I tried the bsdconfig utility, but none of the options under mouse changed anything. I did notice this though:

$ synclient
Couldn't find synaptics properties. No synaptics driver loaded?

I tried searching for that online, but did not find a resolution. It seems like a driver isn't loaded, though I'm not sure how to resolve this.

Also, moused is disabled. Any suggestions appreciated.


----------



## phalange (Jan 19, 2021)

Israel said:


> Usually I just install xf86-input-synaptics and that fixes it.


Meaning you've had FreeBSD on this device before and the trackpad worked?

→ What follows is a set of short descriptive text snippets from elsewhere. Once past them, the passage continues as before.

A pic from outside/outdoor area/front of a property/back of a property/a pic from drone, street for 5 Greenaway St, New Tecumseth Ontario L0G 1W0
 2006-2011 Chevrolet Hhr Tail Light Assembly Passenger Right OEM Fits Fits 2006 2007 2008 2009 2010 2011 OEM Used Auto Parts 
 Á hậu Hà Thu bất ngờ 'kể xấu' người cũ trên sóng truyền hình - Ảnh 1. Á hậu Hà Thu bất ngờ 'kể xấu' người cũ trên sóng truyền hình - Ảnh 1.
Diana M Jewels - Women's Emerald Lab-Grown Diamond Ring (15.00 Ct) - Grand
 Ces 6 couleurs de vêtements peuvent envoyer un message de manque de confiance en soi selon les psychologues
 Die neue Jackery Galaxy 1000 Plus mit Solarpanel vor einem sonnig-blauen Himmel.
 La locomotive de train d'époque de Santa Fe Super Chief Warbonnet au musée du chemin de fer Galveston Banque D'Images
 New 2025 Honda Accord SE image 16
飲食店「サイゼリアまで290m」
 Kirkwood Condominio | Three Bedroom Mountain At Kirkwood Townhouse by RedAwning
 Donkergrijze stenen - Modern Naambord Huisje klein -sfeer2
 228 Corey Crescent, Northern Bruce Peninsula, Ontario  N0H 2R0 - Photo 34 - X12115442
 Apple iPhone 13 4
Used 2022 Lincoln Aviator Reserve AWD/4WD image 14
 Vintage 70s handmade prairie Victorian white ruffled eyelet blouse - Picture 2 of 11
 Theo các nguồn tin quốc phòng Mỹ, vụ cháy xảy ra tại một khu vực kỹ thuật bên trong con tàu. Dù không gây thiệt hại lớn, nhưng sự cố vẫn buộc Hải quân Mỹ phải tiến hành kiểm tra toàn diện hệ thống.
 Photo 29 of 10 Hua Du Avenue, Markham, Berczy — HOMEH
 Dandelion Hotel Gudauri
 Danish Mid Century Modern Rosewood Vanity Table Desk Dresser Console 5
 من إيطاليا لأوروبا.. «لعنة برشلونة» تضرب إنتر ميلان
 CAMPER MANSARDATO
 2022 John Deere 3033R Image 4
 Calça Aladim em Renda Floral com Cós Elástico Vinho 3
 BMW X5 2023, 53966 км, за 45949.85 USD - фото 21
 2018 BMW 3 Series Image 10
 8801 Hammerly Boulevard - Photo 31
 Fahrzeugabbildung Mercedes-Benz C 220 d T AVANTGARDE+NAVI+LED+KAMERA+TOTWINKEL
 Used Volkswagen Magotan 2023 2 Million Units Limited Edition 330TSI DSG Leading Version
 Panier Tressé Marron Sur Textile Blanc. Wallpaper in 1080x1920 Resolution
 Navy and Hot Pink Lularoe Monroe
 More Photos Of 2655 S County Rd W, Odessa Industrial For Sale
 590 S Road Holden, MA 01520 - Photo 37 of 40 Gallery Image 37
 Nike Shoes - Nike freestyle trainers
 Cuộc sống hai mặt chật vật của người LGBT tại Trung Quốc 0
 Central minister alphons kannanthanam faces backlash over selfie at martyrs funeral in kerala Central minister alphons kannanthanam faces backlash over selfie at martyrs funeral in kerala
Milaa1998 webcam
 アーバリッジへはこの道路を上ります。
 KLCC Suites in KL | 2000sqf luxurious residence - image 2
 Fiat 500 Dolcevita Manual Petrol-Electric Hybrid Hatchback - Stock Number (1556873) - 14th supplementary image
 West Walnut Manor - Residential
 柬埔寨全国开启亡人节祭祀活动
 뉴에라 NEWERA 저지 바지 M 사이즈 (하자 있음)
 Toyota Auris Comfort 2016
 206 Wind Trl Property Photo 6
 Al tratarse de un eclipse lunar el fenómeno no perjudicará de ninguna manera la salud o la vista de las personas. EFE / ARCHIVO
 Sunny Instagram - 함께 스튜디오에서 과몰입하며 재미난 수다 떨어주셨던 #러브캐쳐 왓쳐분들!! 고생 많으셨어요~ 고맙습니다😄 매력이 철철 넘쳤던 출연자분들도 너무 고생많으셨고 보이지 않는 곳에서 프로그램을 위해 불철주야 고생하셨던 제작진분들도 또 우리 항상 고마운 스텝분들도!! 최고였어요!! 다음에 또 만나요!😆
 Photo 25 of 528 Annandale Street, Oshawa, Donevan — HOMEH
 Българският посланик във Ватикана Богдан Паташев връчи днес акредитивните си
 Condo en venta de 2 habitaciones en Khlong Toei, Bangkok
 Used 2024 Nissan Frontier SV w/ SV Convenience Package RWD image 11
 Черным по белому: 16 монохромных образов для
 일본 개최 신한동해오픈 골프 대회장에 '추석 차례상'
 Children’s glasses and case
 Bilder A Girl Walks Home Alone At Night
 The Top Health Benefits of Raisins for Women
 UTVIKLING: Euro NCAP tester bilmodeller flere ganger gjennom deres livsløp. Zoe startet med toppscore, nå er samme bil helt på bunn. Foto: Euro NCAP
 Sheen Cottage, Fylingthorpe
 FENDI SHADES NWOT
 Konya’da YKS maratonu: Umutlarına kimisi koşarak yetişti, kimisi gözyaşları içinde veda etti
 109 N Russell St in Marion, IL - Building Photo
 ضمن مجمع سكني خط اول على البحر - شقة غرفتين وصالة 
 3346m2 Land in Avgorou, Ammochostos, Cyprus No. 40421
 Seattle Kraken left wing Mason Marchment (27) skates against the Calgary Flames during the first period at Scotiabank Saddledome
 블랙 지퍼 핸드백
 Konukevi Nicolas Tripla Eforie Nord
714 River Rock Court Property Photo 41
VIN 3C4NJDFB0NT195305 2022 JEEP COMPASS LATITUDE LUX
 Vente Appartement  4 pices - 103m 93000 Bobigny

I have two Asus laptops, one similar to yours and the touchpad is a no-go because it's elantech i2c. Someone wrote a driver I think but it's not part of FreeBSD. I can't find it just now, but I believe it's on Github.


----------



## Israel (Jan 19, 2021)

No, I was referring to other laptops in the past. Is this the driver you are referring to?









						GitHub - renic/freebsd-elantech
					

Contribute to renic/freebsd-elantech development by creating an account on GitHub.




					github.com


----------



## Mjölnir (Jan 19, 2021)

RTFM psm(4) & moused(8).  If your touchpad is supported, usually _(corrected)_ `sysrc moused_flags+=" -l 2"` (set psm(4) to _level 2_: enable extended mouse communication protocol), `service moused enable` followed by `service moused start` should enable the specialized touchpad driver to get the extended data to & from the touchpad.  Otherwise, the touchpad will claim to be an ordinary PS/2 mouse.  For the average use-case, I recommend not to have a xorg.conf(5) file, but instead to rely on Xorg(1)'s _automagic_ configuration.
EDIT From `pkg info -D xorg-server`: [...] add `kern.evdev.rcpt_mask=6` to sysctl.conf(5) (at runtime: `sysctl kern.evdev.rcpt_mask=6`).


----------



## Israel (Jan 20, 2021)

mjollnir said:


> RTFM psm(4) & moused(8).  If your touchpad is supported, usually `sysrc moused_flags +=" -l 2"` (set psm(4) to _level 2_: enable extended mouse communication protocol), `service moused enable` followed by `service moused start` should enable the specialized touchpad driver to get the extended data to & from the touchpad.  Otherwise, the touchpad will claim to be an ordinary PS/2 mouse.  For the average use-case, I recommend not to have a xorg.conf(5) file, but instead to rely on Xorg(1)'s _automagic_ configuration.


Here's what I got when I ran your commands:
`# sysrc moused_flags +=" -l 2"
moused_flags: 
# service moused enable
moused enabled in /etc/rc.conf
# service moused start
Starting default moused
moused: unable to open /dev/psm0: No such file or directory`

I don't think that first one is right since mouse_flags: seemed to reply empty. Obviously something is wrong with the 3rd command, or something needs to happen before the execution of these commands.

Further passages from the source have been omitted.